Participant à la compétition, le sauvageon voulait dérober l’œuf au lapereau. Le
lapin le vit faire, accourut à la défense de son bébé et rappela les règles,
mais le voleur les transgressa et frappa son adversaire. Ce dernier dut se
défendre malgré les regards outragés de la lapine qui ne voulait pas que son cadet
aperçoive cette bataille. En allant chercher son fils pour éviter qu’il reçoive
des coups, elle en profita pour ramasser l’œuf qu’il avait déniché. Le combat
continua : les adversaires roulaient l’un par-dessus l’autre et les
glapissements emplissaient l’air. Parvenant à se libérer, le tricheur réalisa
que l’objet de sa convoitise n’était plus là. Il déguerpit à la recherche de
nouveaux trésors, sachant que, même s’il n’avait pas mis la main sur celui-ci,
il avait fait perdre un temps précieux à la famille lapinesque et cela le
comblait.
Le lièvre parti,
les lapins retournèrent dans les sentiers poursuivre leur investigation. Le
cœur léger, blaguant et riant aux éclats, ils serpentaient à travers les arbres
qui semblaient leur chuchoter le chemin à prendre. Les jeunes cueillaient
toujours successivement les coquilles blanches découvertes, et les remettaient
à leur mère. Puis, ils virent qu’un œuf était sur l’une des plus hautes
branches d’un érable. Un lapereau tenta d’y grimper, mais il n’y parvint pas
même en prenant appui sur l’entaille faite pour récolter le suc. Il fit
plusieurs tentatives infructueuses et il s’affaissa auprès des siens. À cet
instant-là, l’écureuil qui sortit de son trou eut plein d’empathies pour la
famille à ses pieds. Voulant les aider sans que cela soit trop facile, il fit
tomber l’œuf afin que le lapereau doive se précipiter dessus puisque de
nouveaux compétiteurs arrivaient au loin. Entendant un bruit à travers les
branches, le jeune concurrent leva les yeux et dut détaler pour se le procurer
avant que la fratrie de son meilleur ami ne le saisisse.
Après avoir
récolté cet œuf, la famille était confiante de remporter la compétition.

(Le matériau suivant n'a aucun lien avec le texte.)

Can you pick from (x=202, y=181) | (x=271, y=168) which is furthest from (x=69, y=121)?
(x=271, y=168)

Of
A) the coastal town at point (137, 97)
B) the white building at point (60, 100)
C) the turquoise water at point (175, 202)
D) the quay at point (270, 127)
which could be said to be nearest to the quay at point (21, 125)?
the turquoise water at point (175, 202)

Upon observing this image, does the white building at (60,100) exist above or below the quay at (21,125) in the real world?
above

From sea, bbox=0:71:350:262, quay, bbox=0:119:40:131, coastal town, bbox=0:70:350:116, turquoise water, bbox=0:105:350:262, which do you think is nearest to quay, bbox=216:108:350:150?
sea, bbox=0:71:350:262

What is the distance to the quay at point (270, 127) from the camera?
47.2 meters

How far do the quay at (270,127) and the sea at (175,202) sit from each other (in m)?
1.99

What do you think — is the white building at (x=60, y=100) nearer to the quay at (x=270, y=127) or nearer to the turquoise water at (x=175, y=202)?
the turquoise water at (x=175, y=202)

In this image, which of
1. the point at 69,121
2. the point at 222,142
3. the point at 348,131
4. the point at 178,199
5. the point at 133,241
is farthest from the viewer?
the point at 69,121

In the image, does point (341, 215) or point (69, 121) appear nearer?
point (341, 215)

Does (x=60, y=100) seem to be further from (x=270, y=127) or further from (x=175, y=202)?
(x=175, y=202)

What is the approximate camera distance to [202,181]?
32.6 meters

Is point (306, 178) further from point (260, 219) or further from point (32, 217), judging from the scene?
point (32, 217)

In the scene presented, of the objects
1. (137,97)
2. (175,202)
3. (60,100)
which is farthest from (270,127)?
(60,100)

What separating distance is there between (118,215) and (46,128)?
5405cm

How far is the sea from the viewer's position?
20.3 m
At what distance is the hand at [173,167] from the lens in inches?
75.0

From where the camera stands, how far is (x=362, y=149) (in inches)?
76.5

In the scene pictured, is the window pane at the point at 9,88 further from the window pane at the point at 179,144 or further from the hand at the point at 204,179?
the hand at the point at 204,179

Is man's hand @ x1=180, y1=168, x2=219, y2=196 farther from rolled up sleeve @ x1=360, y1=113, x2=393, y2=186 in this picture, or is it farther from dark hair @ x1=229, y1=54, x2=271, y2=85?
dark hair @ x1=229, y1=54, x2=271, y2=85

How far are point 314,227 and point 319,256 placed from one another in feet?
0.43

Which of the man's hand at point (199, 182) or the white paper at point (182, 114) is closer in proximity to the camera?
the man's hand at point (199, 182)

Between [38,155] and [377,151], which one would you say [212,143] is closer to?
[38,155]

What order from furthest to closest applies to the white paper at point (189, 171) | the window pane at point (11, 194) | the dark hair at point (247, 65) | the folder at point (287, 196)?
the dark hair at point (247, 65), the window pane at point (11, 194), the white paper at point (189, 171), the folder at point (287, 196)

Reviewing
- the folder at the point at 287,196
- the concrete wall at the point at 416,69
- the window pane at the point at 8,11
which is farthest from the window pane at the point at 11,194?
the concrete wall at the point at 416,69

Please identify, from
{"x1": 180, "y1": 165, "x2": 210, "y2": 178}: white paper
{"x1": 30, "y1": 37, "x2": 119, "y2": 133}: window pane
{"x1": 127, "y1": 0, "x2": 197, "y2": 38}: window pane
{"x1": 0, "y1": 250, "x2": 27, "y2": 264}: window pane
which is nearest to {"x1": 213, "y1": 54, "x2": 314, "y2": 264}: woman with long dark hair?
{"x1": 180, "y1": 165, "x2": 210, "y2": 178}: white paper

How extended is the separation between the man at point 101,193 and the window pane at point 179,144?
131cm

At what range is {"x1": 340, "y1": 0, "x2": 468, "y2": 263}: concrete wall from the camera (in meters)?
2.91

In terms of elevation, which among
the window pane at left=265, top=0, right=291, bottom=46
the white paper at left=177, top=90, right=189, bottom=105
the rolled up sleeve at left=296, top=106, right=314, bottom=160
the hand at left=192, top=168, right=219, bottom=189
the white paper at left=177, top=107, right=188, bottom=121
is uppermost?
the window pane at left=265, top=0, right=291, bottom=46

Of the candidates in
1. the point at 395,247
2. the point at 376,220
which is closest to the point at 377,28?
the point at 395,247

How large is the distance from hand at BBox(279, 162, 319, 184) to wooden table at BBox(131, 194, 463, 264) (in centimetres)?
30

Cependant, l’honneur et l’orgueil l’incitaient à en trouver davantage :
ses membres se dirigèrent vers le lac, sachant que certains œufs seraient
découverts parmi les quais. Ils y rencontrèrent à nouveau le lièvre. Rancunier,
celui-ci se disait qu’il prendrait sa vengeance dès que son rival se trouverait
près de lui. Aussitôt que la distance fût réduite, il l’expédia dans le lac. Abandonnant
les œufs, la lapine se jeta à la poursuite de son époux qui ne savait pas nager
afin de le sauver, mais elle ne réussit qu’à l’extirper du lac, couvert de
chocolat. Elle pleura, face au soleil qui sécha le cacao liquide, figeant ainsi
son mari dans la mort. Les petits lapereaux, inconscients de l’ampleur du
drame, se mirent à pleurnicher, terrifiés par l’état de leur mère qui
maudissait son jules de ne pas avoir bu à la carotte pour se porter chance et
éviter cet événement malheureux.
Or, survolant le
lac, le phénix avait tout vu de la mesquinerie du lièvre. Il avait vu la lapine
se débattre pour sauver son mari et avait été touché par ce geste d’amour. L’oiseau
somptueux se dirigea vers la famille, et se posa près du mort, étalant ses
ailes. Voyant le désespoir dans les yeux des lapereaux, il fit couler une de
ses larmes et le chocolat se fendit en deux morceaux, gardant intacte la forme
du lapin. Libéré du poids du cacao, le père ressuscita comme un phénix renaît
de ses cendres grâce à cette larme qu’il chérit autant que l’eau de Pâques.
Le lapin
regrettait son insouciance, car le lièvre aurait ainsi la victoire en ayant dérobé
leur récolte. Or, malgré la défaite, il savait qu’il garderait en mémoire la
joie de ce moment en compagnie de ses enfants. Repartant chercher d’autres
trésors pour le simple plaisir, les lapereaux s’entraidaient pour sortir les
œufs camouflés dans les endroits les plus difficiles d’accès. Ils allèrent remettre
leur butin au maire qui s’apprêtait à couronner le vainqueur quand le phénix se
présenta pour mentionner la fraude de ce dernier. L’oiseau avait emmené les
morceaux de chocolat pour montrer qu’il disait la vérité et que la victoire
devait être accordée à la famille lapinesque. Le maire fut terriblement déçu de
la tricherie du lièvre qu’il condamna à se priver de toute participation à cette traditionnelle chasse
qui se poursuivit d’année en année, au grand plaisir des jeunes.